For part d, column size determination.... I'm guessing they chose 0.7 for a k value? Top fixed and bottom pinned with L of 14.5 feet, maybe. Would anyone else be able to determine from the diagram that k actually equals 0.7? I'm confused.

I think there's other errors in that part, but I'm not sure I'd use 0.7 to determine a column size. I guess I'd use 1.0


----------



## McEngr (Mar 9, 2009)

Shaker-PE said:


> For part d, column size determination.... I'm guessing they chose 0.7 for a k value? Top fixed and bottom pinned with L of 14.5 feet, maybe. Would anyone else be able to determine from the diagram that k actually equals 0.7? I'm confused.
> I think there's other errors in that part, but I'm not sure I'd use 0.7 to determine a column size.

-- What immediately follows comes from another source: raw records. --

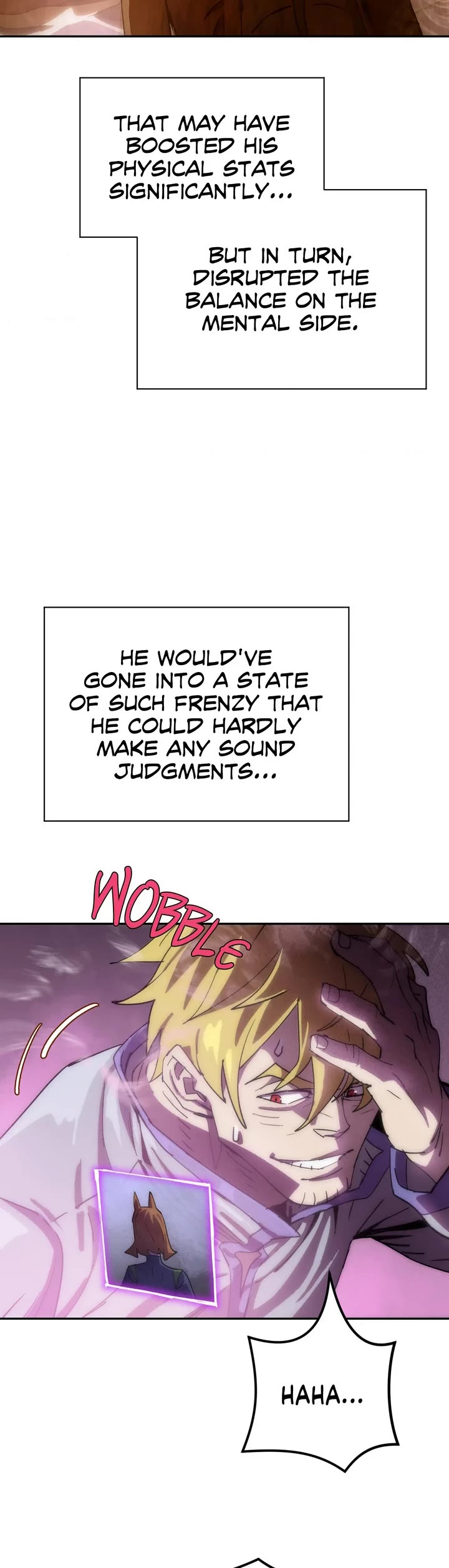 4 Cut Hero Chapter 237 page 35 - Chapter 237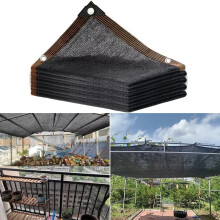 (2*3m) Sunblock Shade Cloth Sun Screen Mesh Plant Greenhouse Cover Tarp Sunshade UV Net
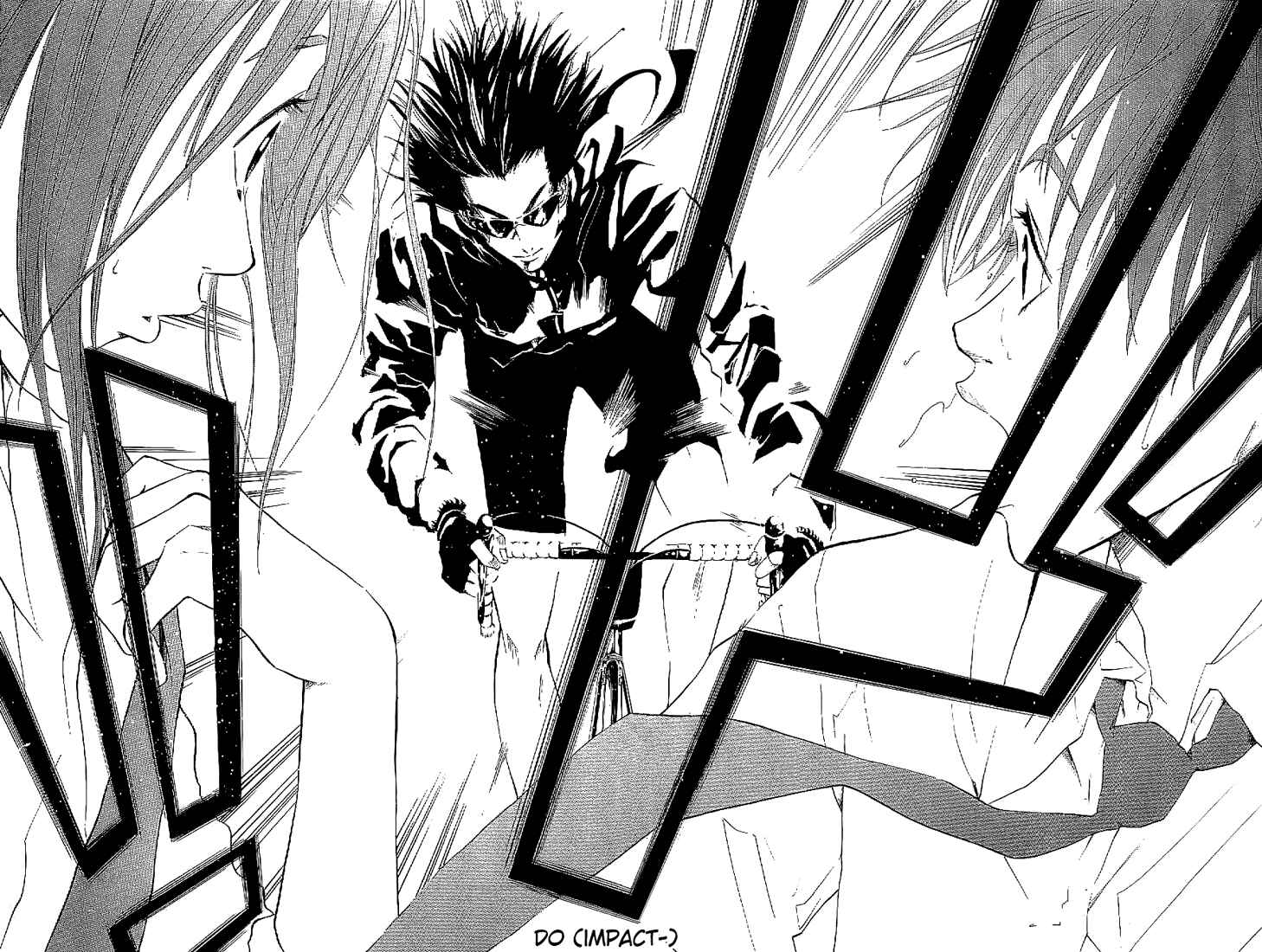 Page 18 Chapter 8 Over Drive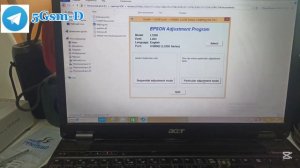 Обнуление всех принтеров Epson L3210,L3216,L3250,L3251,L3110,L805,L850 и д?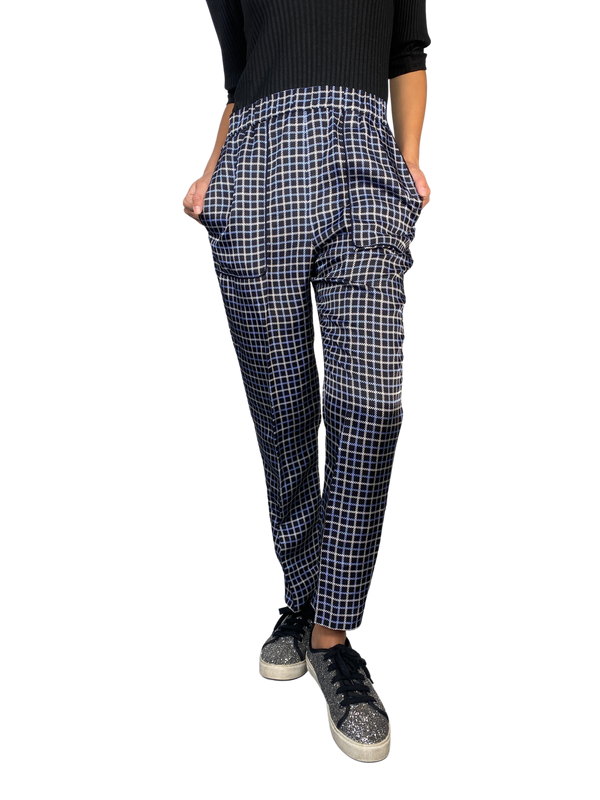 Pantalón Cuadros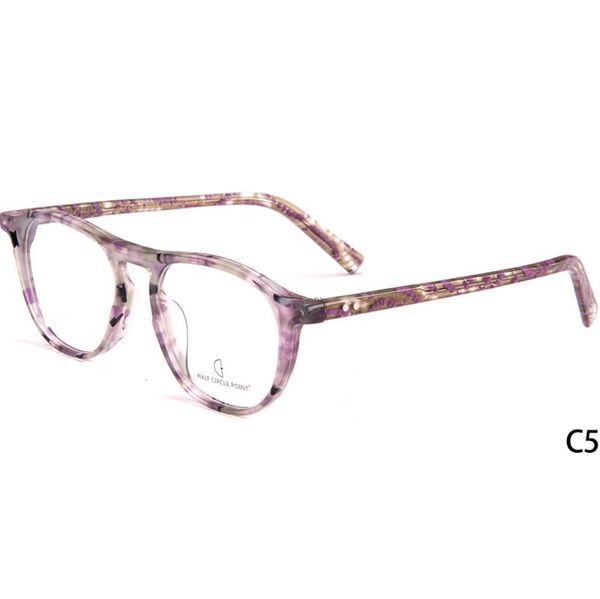 fashion sunglasses frames belight optical women men orange acetate fancy oval shape star rivet design spectacle frame precription lens hp229, Black
fashion sunglasses frames belight optical women men orange acetate fancy oval shape star rivet design spectacle frame precription lens hp229, Black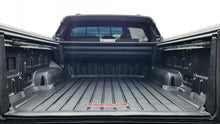 Ford RANGER WILDTRAK, PLATINUM, RAPTOR RA (NEXT GEN) DC 2024.5+ UTE TUB MAT - Heavy Duty Moulded Rubber Mat (for Factory Plastic Tub Liner)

I guess I'd use 1.0


Shaker, do work in the telecommunications sector of structural engineering? I'll see about answering your question at lunch.


----------



## Shaker-PE (Mar 9, 2009)

-yeah, cell towers and rooftop sites... they're everywhere.

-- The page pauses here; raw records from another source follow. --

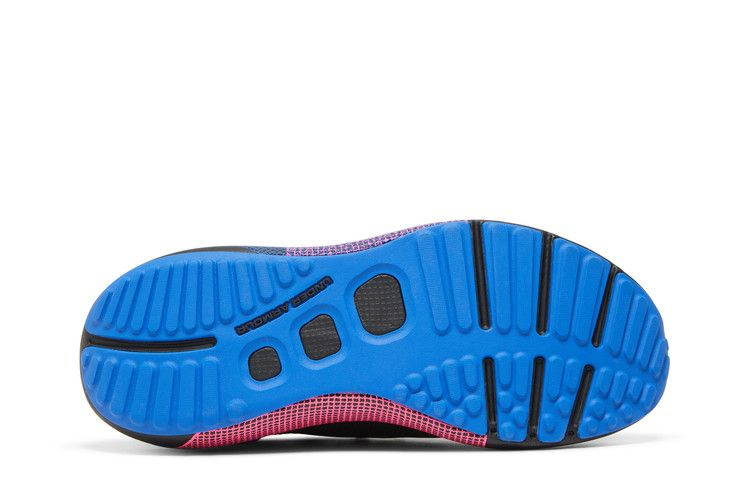 Кроссовки Under Armour HOVR Phantom 3 'Black Blue Pink'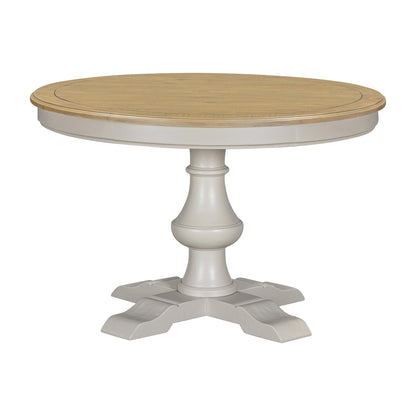 Chateau Painted 200cm Round Dining Table
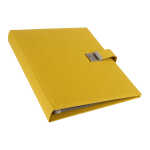 Goldbuch Dokumentenmappe Bella Vista senf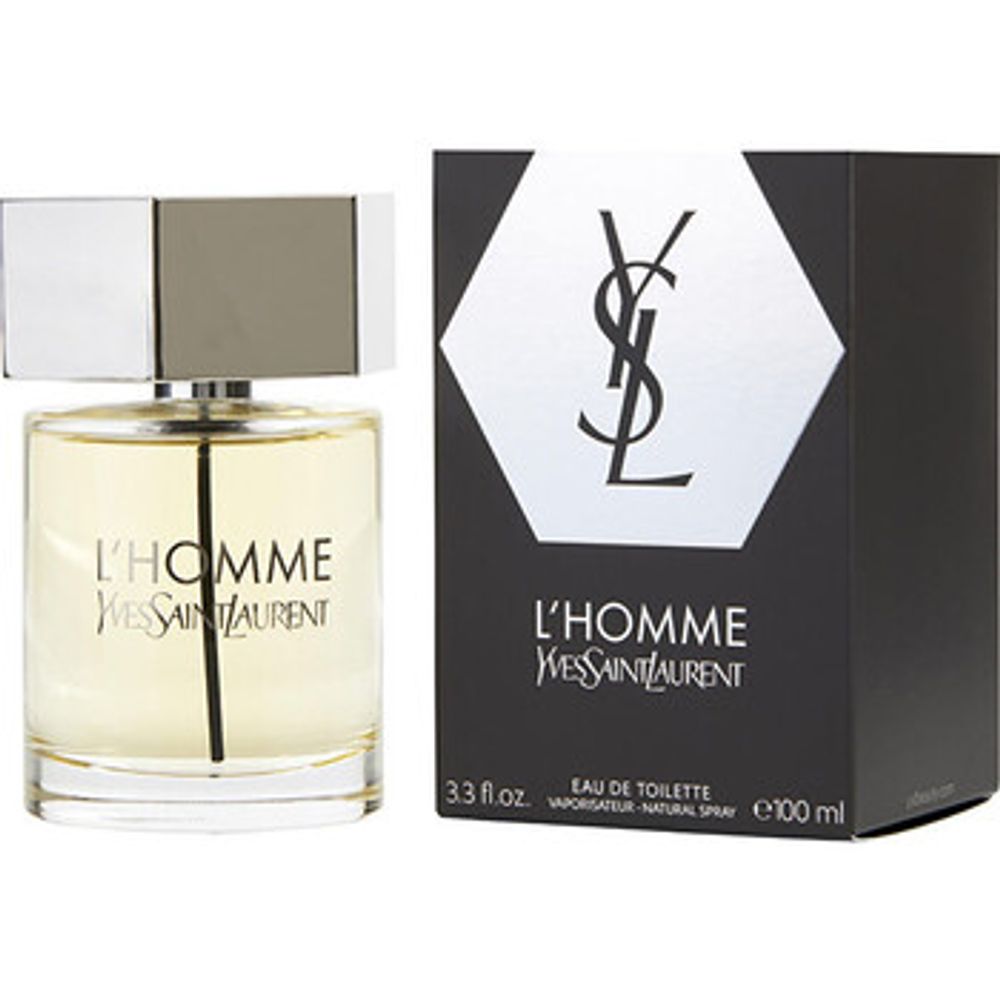 Yves Saint Laurent L`Homme EDT 200ml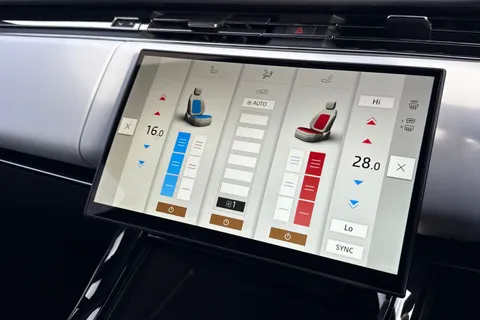  Land Rover Range Rover Sport 4.4P V8 MHEV SV Auto 4WD Euro 6 (s/s) 5dr Thumbnail #20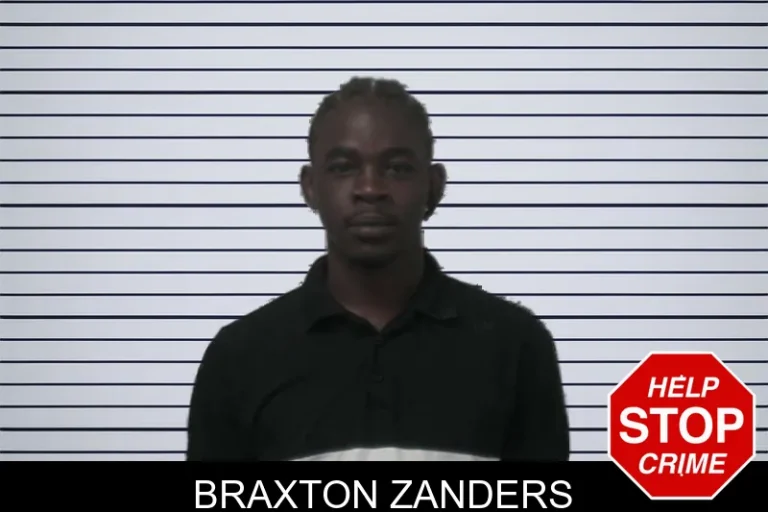 Braxton Zanders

i haven't looked at that problem lately, i just moved on to other things that i could decipher.

the ncees problem manual doesn't go into too much depth about explanation.

however i think a problem like this one will likely be on the test.


----------



## ARLORD (Mar 11, 2009)

Shaker-PE said:


> For part d, column size determination.... I'm guessing they chose 0.7 for a k value? Top fixed and bottom pinned with L of 14.5 feet, maybe. Would anyone else be able to determine from the diagram that k actually equals 0.7? I'm confused.
> I think there's other errors in that part, but I'm not sure I'd use 0.7 to determine a column size. I guess I'd use 1.0



Yes, k=1, braced both directions. See the errata, however, they changed everything:

http://www.ncees.org/exams/study_materials...l_II_errata.pdf


----------



## Shaker-PE (Mar 12, 2009)

ARLORD said:


> Yes, k=1, braced both directions. See the errata, however, they changed everything:
> http://www.ncees.org/exams/study_materials...l_II_errata.pdf



Ahh, yes, k = 1 for sure. Embarrassing mistake, I was in the ASD column of Table 4-4 not the LRFD one.

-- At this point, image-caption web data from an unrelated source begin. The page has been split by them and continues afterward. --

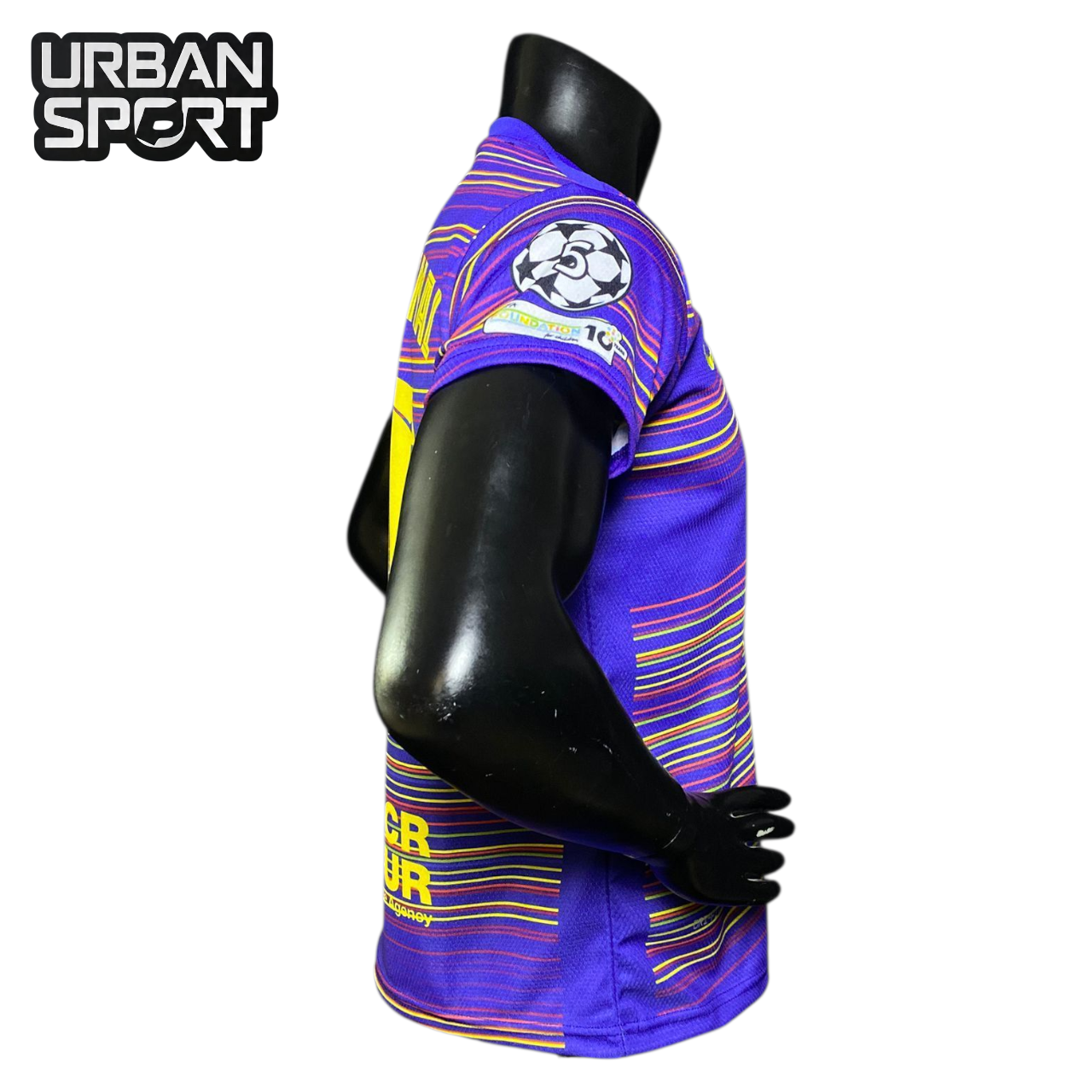 Camiseta FC Barcelona Pre-match Sprinter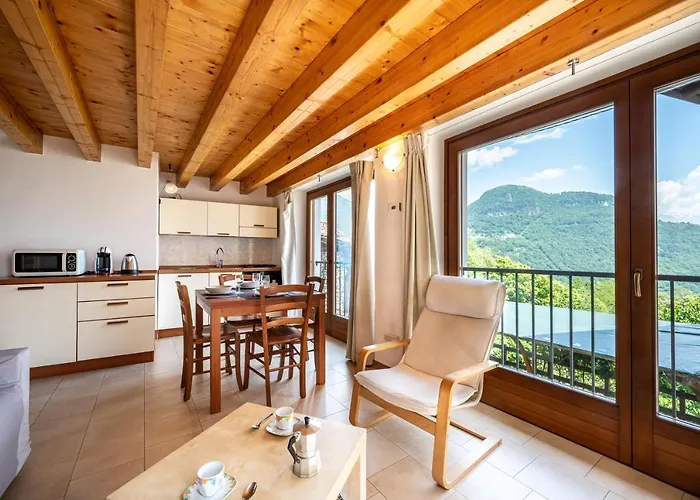 Agribenessere Brenzio 3* Consiglio di Rumo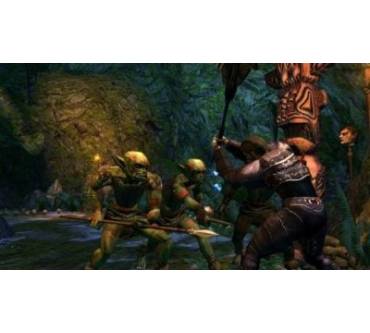 Produktbild Neverwinter Nights 2 - Storm of Zehir (für PC)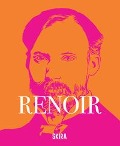 Cover-Bild zum Titel 'Renoir' von ''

The sample test has a few mistakes and it's hard to know which parts to trust sometimes.

But thanks for the reassurance, I appreciate it.


----------



## ARLORD (Mar 12, 2009)

Shaker-PE said:


> Ahh, yes, k = 1 for sure. Embarrassing mistake, I was in the ASD column of Table 4-4 not the LRFD one.
> The sample test has a few mistakes and it's hard to know which parts to trust sometimes.
> 
> But thanks for the reassurance, I appreciate it.


Yes, there are a lot of errors in some of the reference materials. I would focus more on the method and less on the numbers, however finding their mistakes is good practice.


----------



## MOOK (Mar 22, 2009)

What about problem 460?? I did not find any errata for it. I feel there are many errors in the solution.


----------